The front end on my H2 had always been a little bit lower than the front. At first, I liked it this way, but it began to bothering me. It was about 16 inches to the bottom of the rockers in front, and just over 17 inches to the bottom of the rockers in the rear.

The H2 has an independent front suspension that uses torsion bars to provide upward force on the lower suspension arms, thus setting the ride height (and firmness). When you can tighten these torsion bars it raises the front ride hight.

I tightened the torsion bars on each side. On the passenger side about 4 turns and on the driver side about 5 turns. Each turn results in about 0.2 inches in ground clearance at the front differential.

I never measured the difference in height at the front differential or the front bumper, but I did bring the front and rear lower edges of the rocker bars withing 1/4 inch of eachother on each side.
I’m guessing that I obtained about 1.25-1.5 inches more of clearance under the front differential and skid plate, which obviously is important on an independent front suspension vehicle if you take it off road.

Caveat #1

Whenever you make this sort of adjustment, you are changing the camber alignment of the front wheels. So you need to get it aligned soon after making the change. It’s recommended that you wait until driving about 50-100 miles before doing the alignment to allow the front suspension to "settle" into where it wants. It certainly doesn’t hurt to drive over some rough dirt roads to accelerate this proces :).

Caveat #2

As I mentioned above, tightening the torsion bars will not only change the height of the front end, it will also increase the firmness of the ride. Some people will find the ride too harsh. I personally prefer a stiffer front end.

Caveat #3

You can be overzealous in trying to obtain increased ride height. If you tighten them too far you limit the ability of the bars to dampen the suspension arms through their full range of movement. On a recent wheeling trip, I noticed that I’d hear lound clunks frequently from the passenger front corner whenever coming down on that wheel in ditches. We straightened out all the undercarriage protection and made sure all the bolts under there were tight, and still it would clunk.

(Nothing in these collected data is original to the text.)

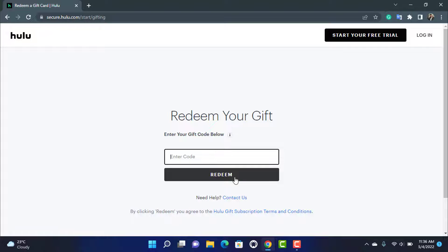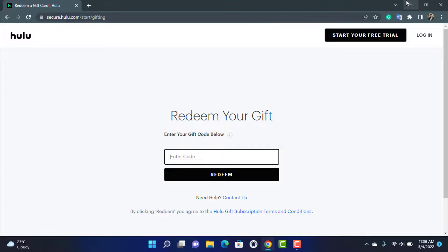As you tap on Redeem, it may ask you to confirm if you are not already a member. If you are not a member, tap on Register and create an account for hulu.com. If you already have an account, simply log in and your gift code will be successfully redeemed. Now you have successfully redeemed the Hulu gift code on your account.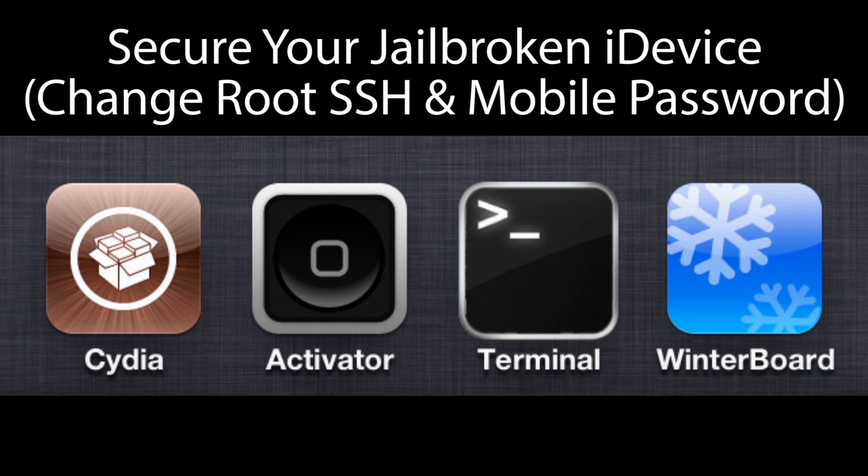Hey guys, it's Jonathan here with a quick tutorial showing you how to secure your jailbroken iDevice and protect it from hackers. This is an absolute must for every jailbroken device.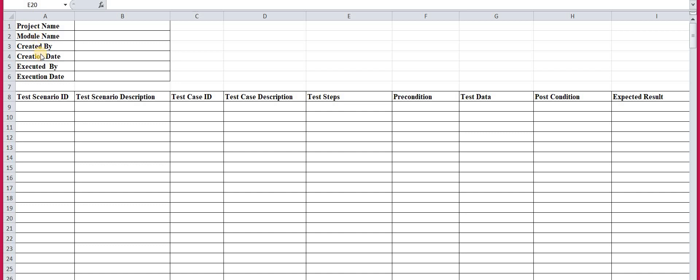Then 'created by' — whoever designs all of the test cases, that designer's or creator's name you mention here, because when an application is large, many persons design the test cases and other persons execute them. Then 'creation date' — on which date all these test cases are designed. Then 'executed by' — who executes those already designed test cases. And 'execution date' — on which date you execute all the test cases. This is the preliminary information you provide before starting testing.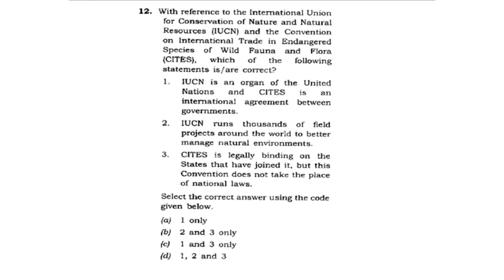Next question: With reference to the IUCN and CITES, which of the following statements are correct? Statement 1: IUCN is an organ of the United Nations and CITES is an international agreement between governments. Statement 2: IUCN runs thousands of field projects around the world for better management of natural environments. IUCN is not a part of the United Nations, so option 1 is cancelled, making options A, C and D wrong. The correct answer is Option B: 2 and 3 only.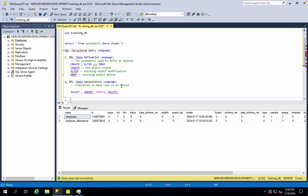Now there is a common confusion: is the object deleted or is the data deleted? What is the difference? The key difference is between the keywords DROP and DELETE. DROP removes the object itself, while DELETE removes data from within the table object.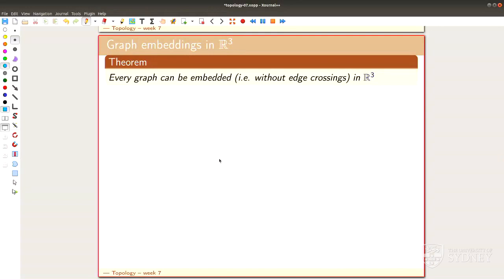We can't embed all graphs in R2, but we can do it in R3 — and the proof is amazing and very simple. If I had a graph in my hands, in R3 I could find a form of it without crossings. So R2 is not good enough, drawing in the plane may fail, but in R3 you always can. R2 is too small and R3 is big enough — you have enough space to place your edges.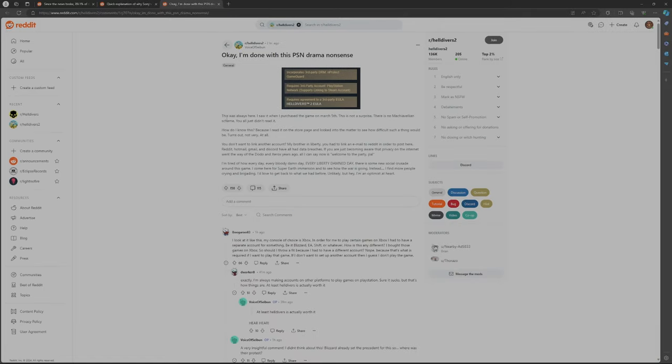This picture shows requires a third-party account, PlayStation Network, supports linking to Steam account. So he goes on to say this was always here. I saw it when I purchased the game on March 5th. This is not a surprise. There is no Machiavellian scheme. You all just didn't read it.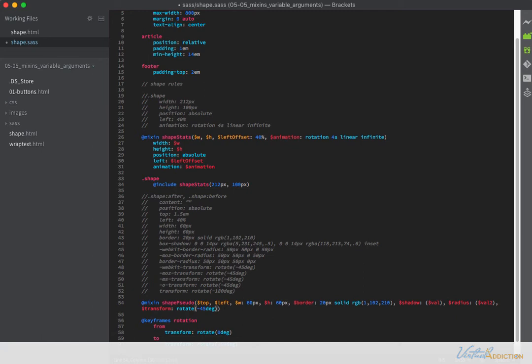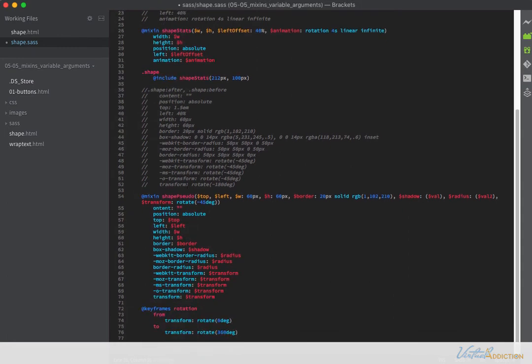Now I'll set up the properties to use the arguments we created. Content is always the same, position absolute — those stay fixed. For top I pass the top argument, left, width, height, and so on using the corresponding arguments. For vendor prefixes I'm using -webkit-border-radius, -moz-border-radius, and border-radius, all using the radius argument — which defaults to the default value but can be changed. Same approach for transform with vendor prefixes.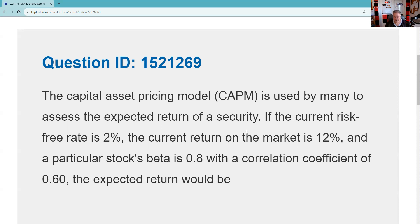The capital asset pricing model is used by many to assess the expected return of a security. So that's helpful — now they've just given me some free information.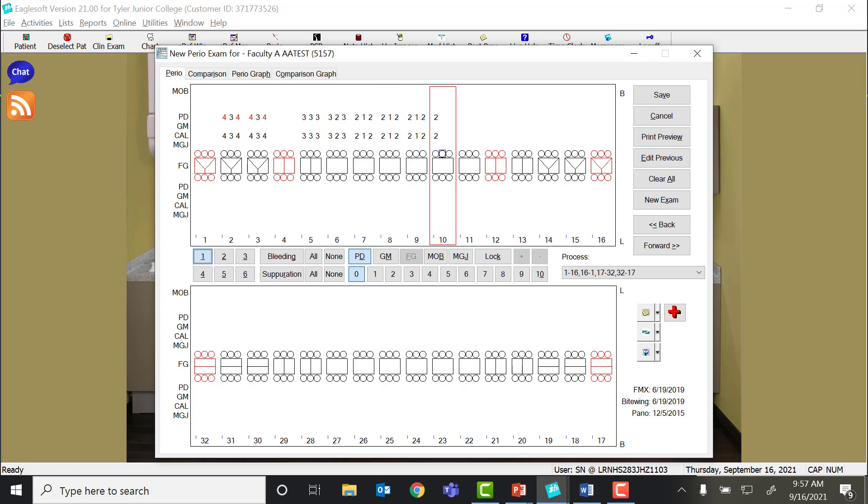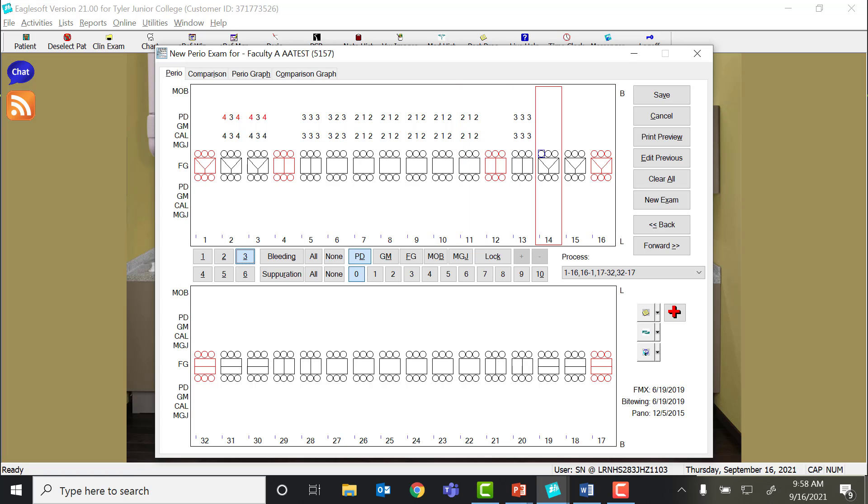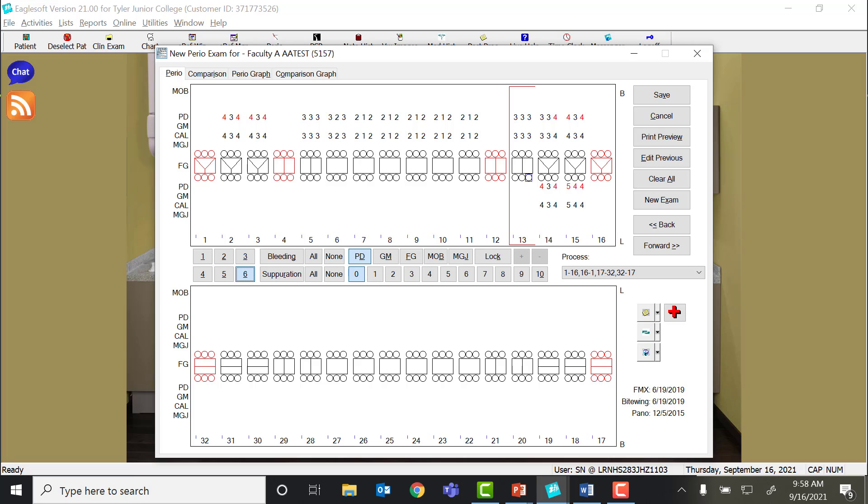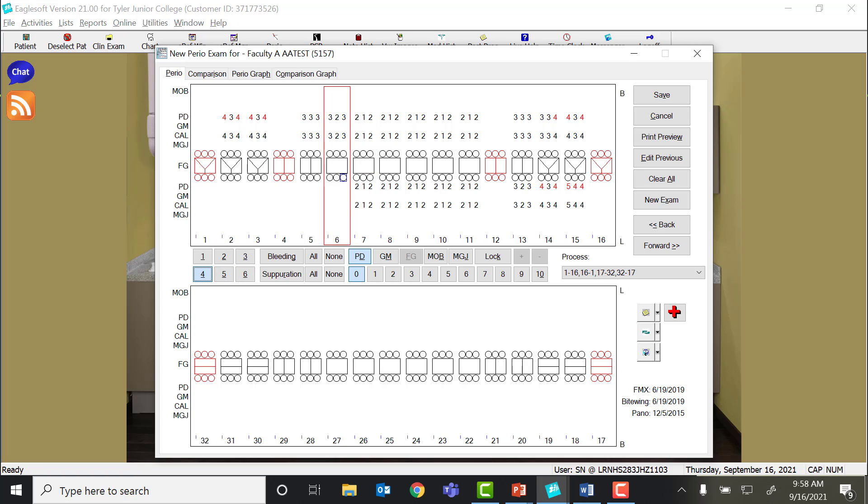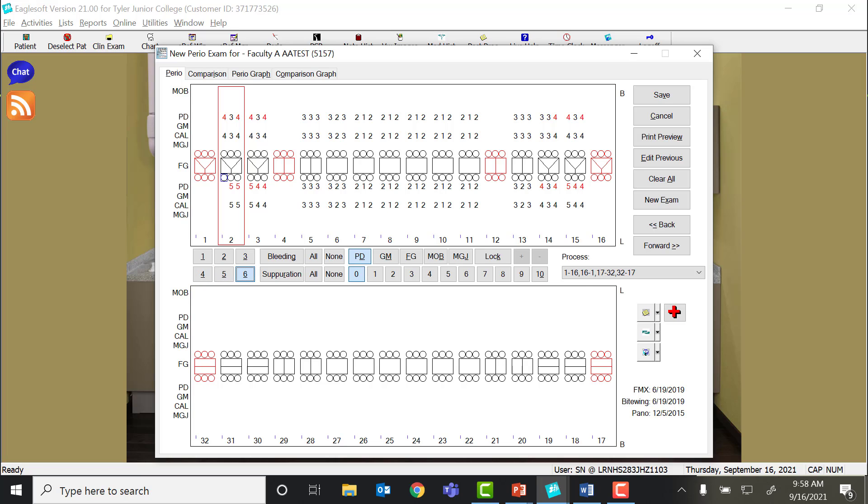I'm going to go all the way across the facial. Notice that it is skipping the teeth that I have taken out in Eaglesoft. Also notice that any number over 3 is red, and that's so it will bring your attention to those areas that have greater attachment loss, or maybe there's a little inflammation where the gingival margin is above the gum line. So this is how to type in just probe depths.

A couple HUMMER techs and I all concluded that the right torsion bar is probably a little too tight. Nothing that will result in a chronic wear problem, but rather just something that’s going to clunk a lot when a lot of weight is put on that corner while wheeling off road. Next time I plan to get rotate and alignment, I’m going to back off the tightness on the torsion bars a turn or so and see if that makes a difference on my next wheeling trip.

Before and After Pictures

I set up a camera on a tripod to take a picture before and after the change without moving the truck. This allowed me to make the following two pictures.

Picture #1 - Composited before and after picture

Picture #1 – Composited before and after picture. The difference between before and after is most readily seen in the lines of the front door edges.
Picture #2 - Before and after pictures animated in a loop

Picture #2 – Before and after pictures animated in a loop.


If you have a torsion bar front suspension and they’re not already too tight, there’s an easy way you can adjust them to raise, or lower, your front end a little bit to improve appearance of your vehicle when viewed from the side, and maybe even gain a little bit of front end clearance over off road obstacles.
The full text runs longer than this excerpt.